Step 3 — Compute the effective lumens per luminaire:

\[\text{Effective lumens} = \Phi \times CU \times LLF = 6{,}000 \times 0.58 \times 0.72 = 2{,}505.6 \text{ lumens}\]

Step 4 — Determine the number of luminaires:

\[N = \frac{120{,}000}{2{,}505.6} = 47.9\]

Since you cannot install a fraction of a luminaire, round up to 48 luminaires.
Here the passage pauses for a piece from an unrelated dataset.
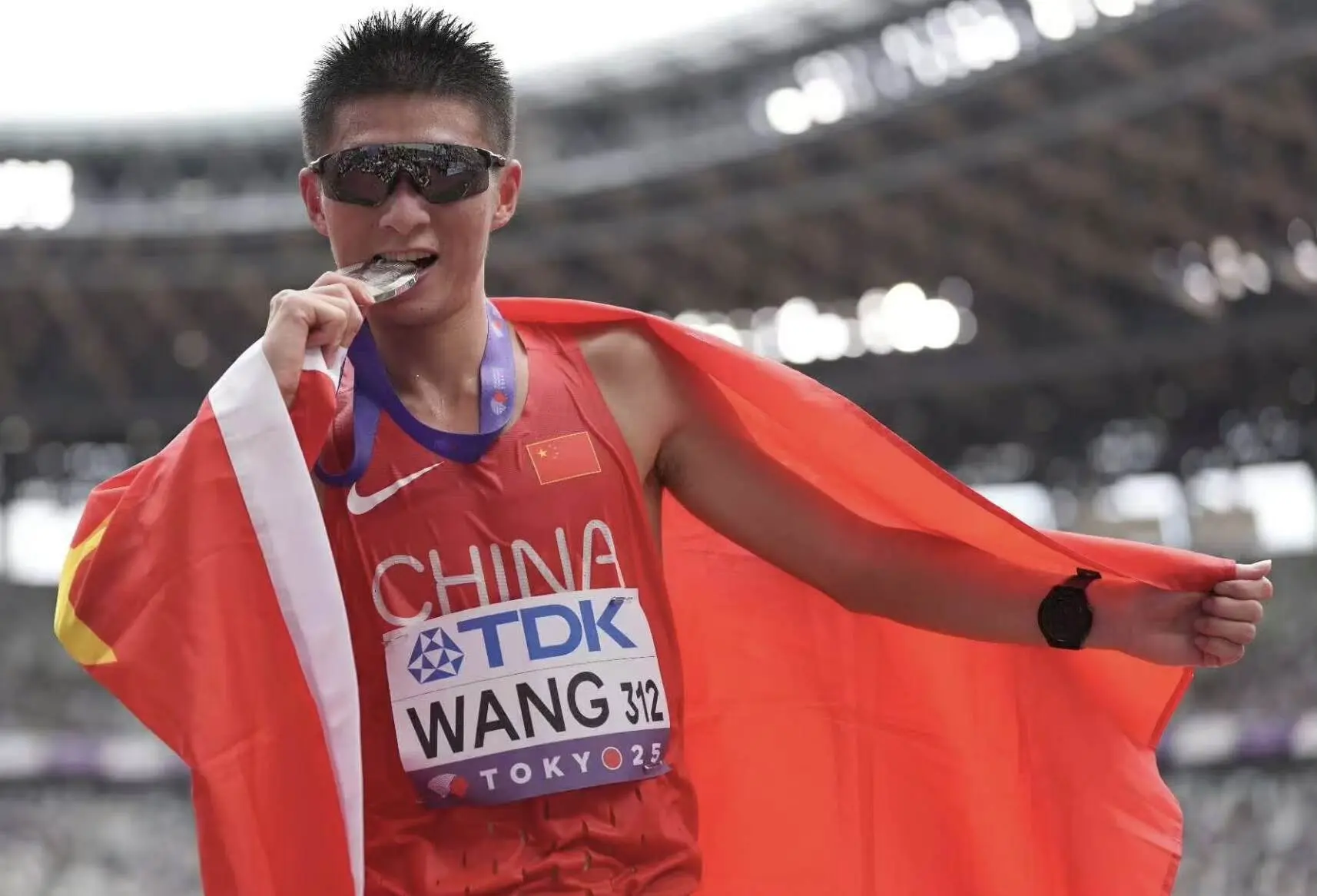 中国队拿到, 和张家乐发, 队无人夺金 中国队拿到, 和张家乐发, 队无人夺金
Key concept: Always round up when calculating the number of luminaires. The light loss factor accounts for lamp lumen depreciation, luminaire dirt depreciation, and room surface dirt depreciation over time. The CU depends on the room cavity ratio, wall reflectances, and luminaire distribution type—all of which may be given or must be looked up in IES tables.

Answer: C

NFPA 70E defines four PPE categories with minimum arc ratings:

• Category 1: minimum arc rating of 4 cal/cm²
• Category 2: minimum arc rating of 8 cal/cm²
• Category 3: minimum arc rating of 25 cal/cm²
• Category 4: minimum arc rating of 40 cal/cm²

Step 1 — Compare the incident energy to the PPE category thresholds:

The calculated incident energy is 8.5 cal/cm². This exceeds the Category 2 minimum arc rating of 8 cal/cm².

Step 2 — Select the appropriate category:

Since 8.5 cal/cm² > 8 cal/cm² (Category 2 limit), the worker must wear PPE Category 3 equipment, which is rated up to 25 cal/cm².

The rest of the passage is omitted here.